В мае 1949 года мы с И. И. Кяйверяйненом, моим петрозаводским деканом и приятелем, возвращались с заседания президиума местного общества по “распространению знаний”. Иван Иванович сказал мне: “Что-то у меня неважное настроение, последние ночи мне все снится ГПУ”.
Через полчаса после прощания с ним раздался стук в дверь моей квартиры. “Кто здесь живет?” — “Такой-то”. — “Вас-то нам и надо!” Вошли несколько человек в демисезонных пальто, но под штатскими пальто на них была форма госбезопасности. Старшим группы был подполковник — начальник оперативного отдела Министерства госбезопасности. Он предъявил мне ордер на “обыск-арест”.
Кончились шесть лет между двумя тюрьмами. Все эти шесть лет я днем жил на свободе, а ночью видел себя в тюрьме. Начинался новый период: днем я сидел в тюремной камере, а во снах жил на воле.

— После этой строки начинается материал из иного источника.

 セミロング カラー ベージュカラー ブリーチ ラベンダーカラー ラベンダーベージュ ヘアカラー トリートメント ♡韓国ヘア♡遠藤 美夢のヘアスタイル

Арестованного, меня прямо из машины доставили в кабинет министра; и далее во время следствия я числился “за министром”, хотя практически меня более всего допрашивал начальник следственной части подполковник Галкин. Министр разговаривал крайне высокомерно. Он начал с упреков, что я не благодарен советской власти, которая, якобы, “вывела меня из черты оседлости”. Он сказал: “Никаких авансов я Вам делать не собираюсь, но советую полностью разоружиться”. После этого меня отвели во внутреннюю тюрьму.